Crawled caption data
Segment Open
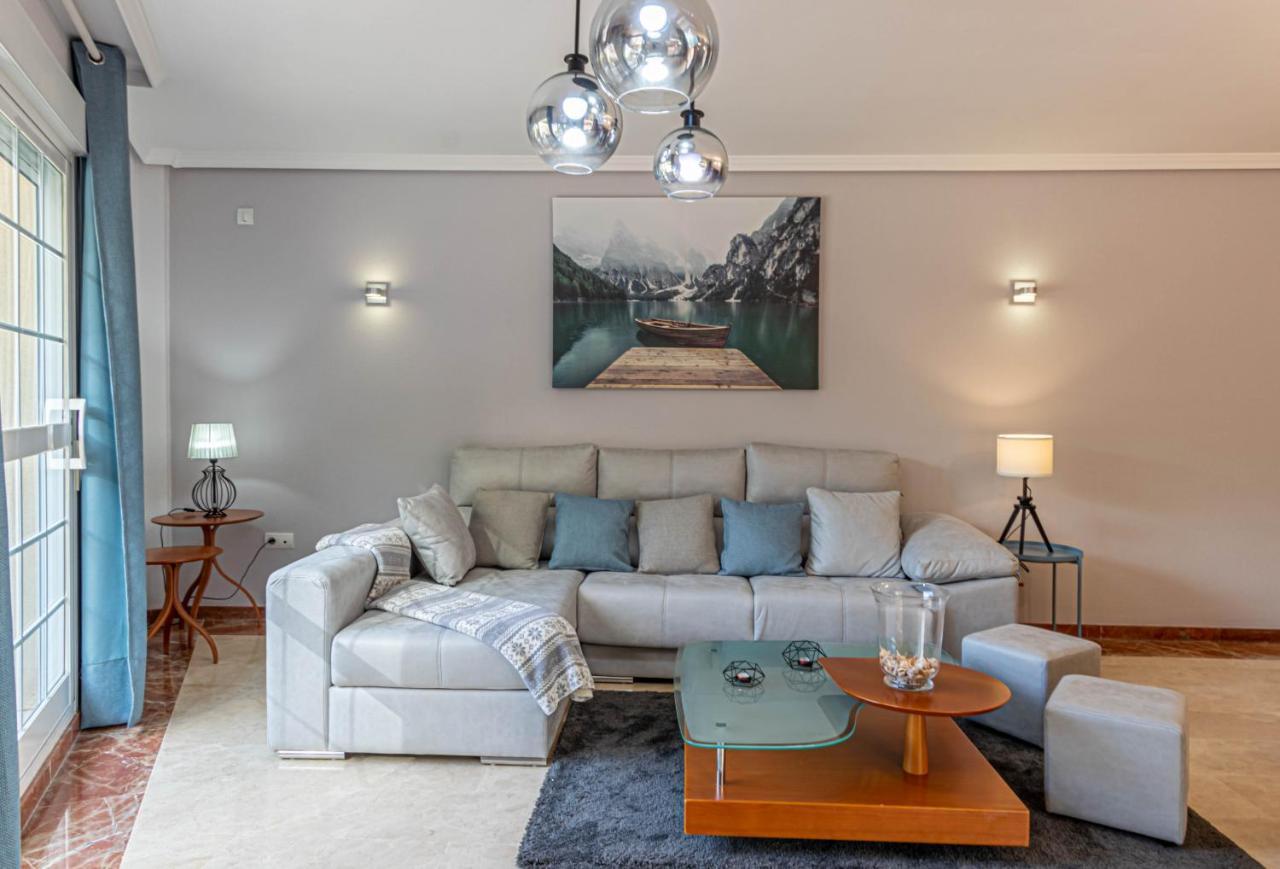 797 Holiday Rentals- Piso Con Amplia Terraza A Solo 1 Min De La Playa Бенальмадена Экстерьер фото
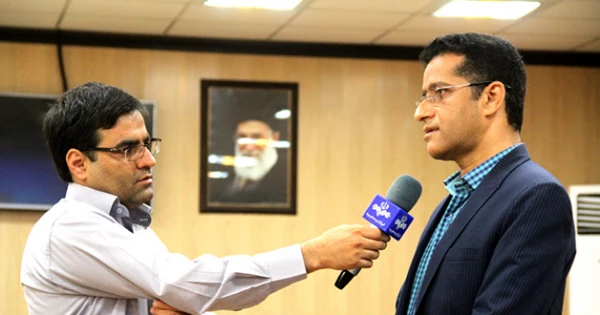 در نشست خبری مدیر امور پردیس های استان هرمزگان در گرامیداشت روز خبرنگار:

دانشگاه فرهنگیان برای معرفی خود به آحاد جامعه نیازمند یاری اصحاب رسانه و خبر است 6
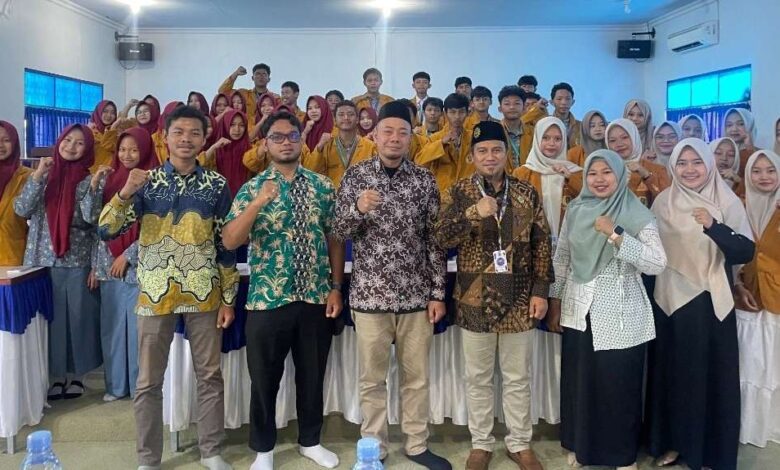 Foto bersama jajaran pimpinan, pembina, dan kader PR IPM SMK Mutu Wonosobo serta PR IPM SMK Mutu Temanggung saat acara studi banding.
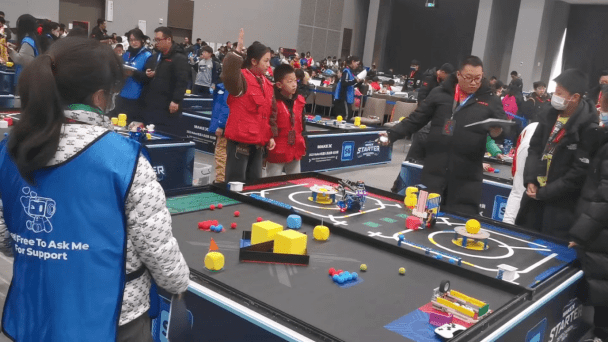 城关区两所学校在makex机器人挑战赛总决赛中喜获佳绩_教育_科技_比赛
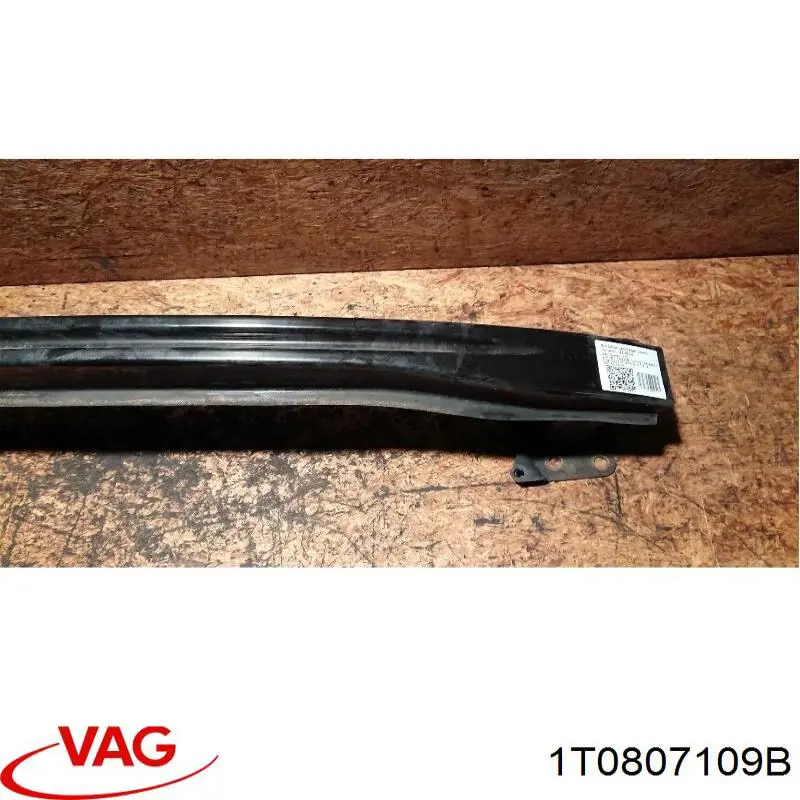 Reforçador do pára-choque dianteiro VAG 1T0807109B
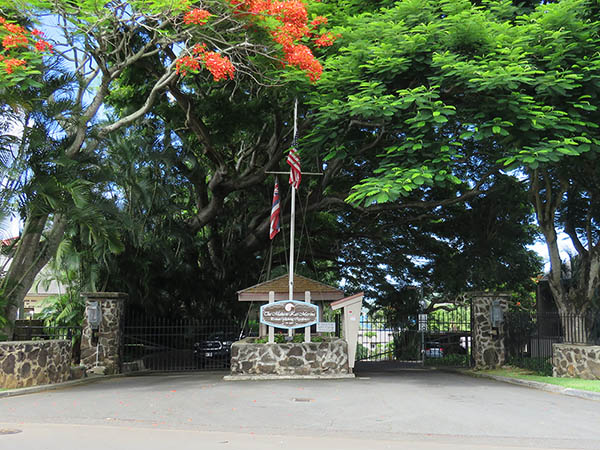 Entrance to Makani Kai Club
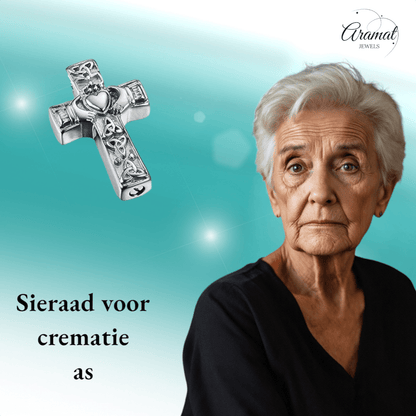 Keltische kruis ashanger staal met zwart emaille - Aramat Jewels - Gedenkhangers - cadeautip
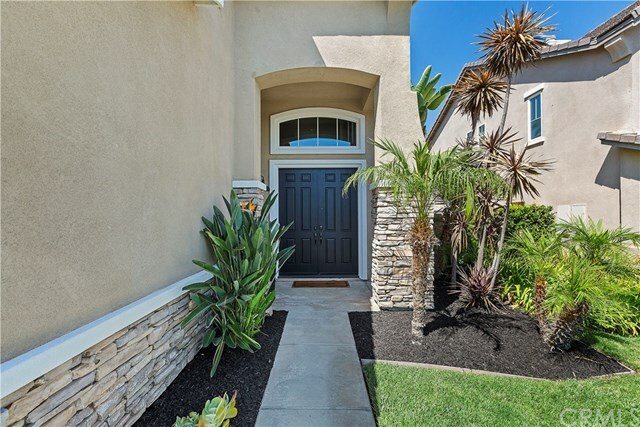 Property Photo:  35791 Makila Street  CA 92563 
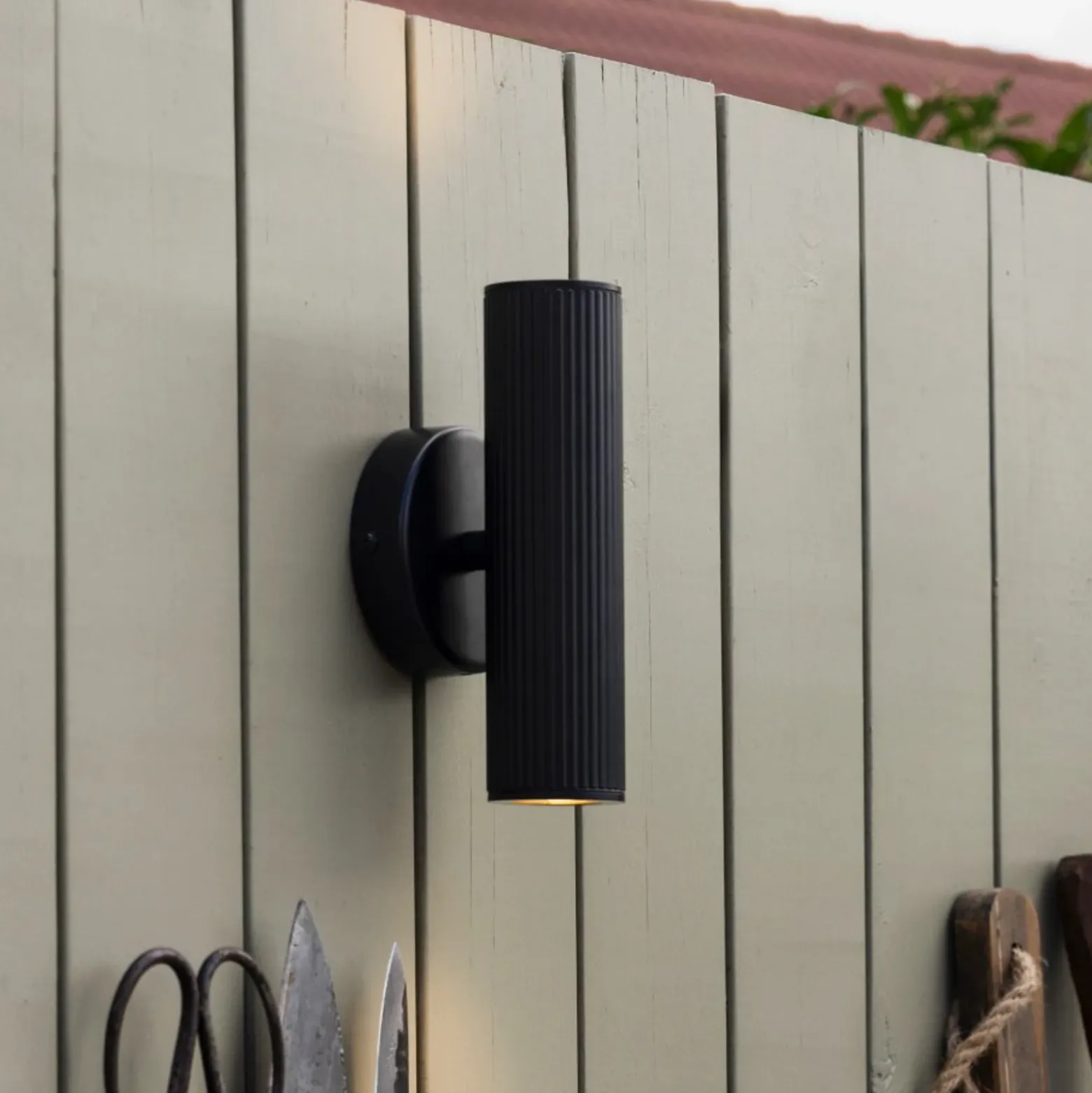 Aplique de pared Hubble de Globen Lighting, negro, altura 21 cm, IP44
Segment Closed
What is expected:
Transcribe the entries above word for word, but leave every picture out of your copy.

Your solution:
 797 Holiday Rentals- Piso Con Amplia Terraza A Solo 1 Min De La Playa Бенальмадена Экстерьер фото
 در نشست خبری مدیر امور پردیس های استان هرمزگان در گرامیداشت روز خبرنگار:

دانشگاه فرهنگیان برای معرفی خود به آحاد جامعه نیازمند یاری اصحاب رسانه و خبر است 6
 Foto bersama jajaran pimpinan, pembina, dan kader PR IPM SMK Mutu Wonosobo serta PR IPM SMK Mutu Temanggung saat acara studi banding.
 城关区两所学校在makex机器人挑战赛总决赛中喜获佳绩_教育_科技_比赛
 Reforçador do pára-choque dianteiro VAG 1T0807109B
 Entrance to Makani Kai Club
 Keltische kruis ashanger staal met zwart emaille - Aramat Jewels - Gedenkhangers - cadeautip
 Property Photo:  35791 Makila Street  CA 92563 
 Aplique de pared Hubble de Globen Lighting, negro, altura 21 cm, IP44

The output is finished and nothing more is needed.